Indeed, that kind of self-censorship could often be seen in the coverage of the Hebdo massacre, where many major papers and television outlets decided that a story defined by images from the newspaper should be told without showing any of the images in question. The New York Times, for instance, told readers that it had “chosen not to reprint examples of the magazine’s most controversial work because of its intentionally offensive content.”
Here’s how executive editor Dean Baquet attempted to explain the policy: “We have a standard that is long held and that serves us well: that there is a line between gratuitous insult and satire. Most of these are gratuitous insult.”
These policies serve to encourage the conclusion that works are ‘intentionally offensive’ for the sake of offending, that they are making no other point than to provoke an angry reaction—which just so happens to reinforce the attackers’ view of the images.
And it is difficult to know where the Times—or any other media outlet—is drawing these lines, though. The first cover of Charlie Hebdo after the massacre was still one the Times deemed unfit to print.

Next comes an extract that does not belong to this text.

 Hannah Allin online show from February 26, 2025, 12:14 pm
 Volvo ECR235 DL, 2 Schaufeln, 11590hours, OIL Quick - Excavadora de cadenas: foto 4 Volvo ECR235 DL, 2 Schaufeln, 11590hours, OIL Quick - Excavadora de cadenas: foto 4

Other outlets, like the Washington Post, thought otherwise, and included the image. The Post’s executive editor Marty Baron explained their decision this way: “Our policy has been to avoid publication of material that is pointedly, deliberately or needlessly offensive to members of religious groups. That remains our policy, but this doesn’t fall into that category.”
Nonetheless, some outlets are still reluctant to show viewers or readers the cover of a magazine that is selling out all over France (and the world). It is a particularly dramatic and effective case of self-censorship.
Free speech debates are often over where to draw the lines. But trying to define hate speech, or to determine what ‘intentionally offensive’ art might be, leads to paradoxes and contradictions, and the suppression of critical political speech.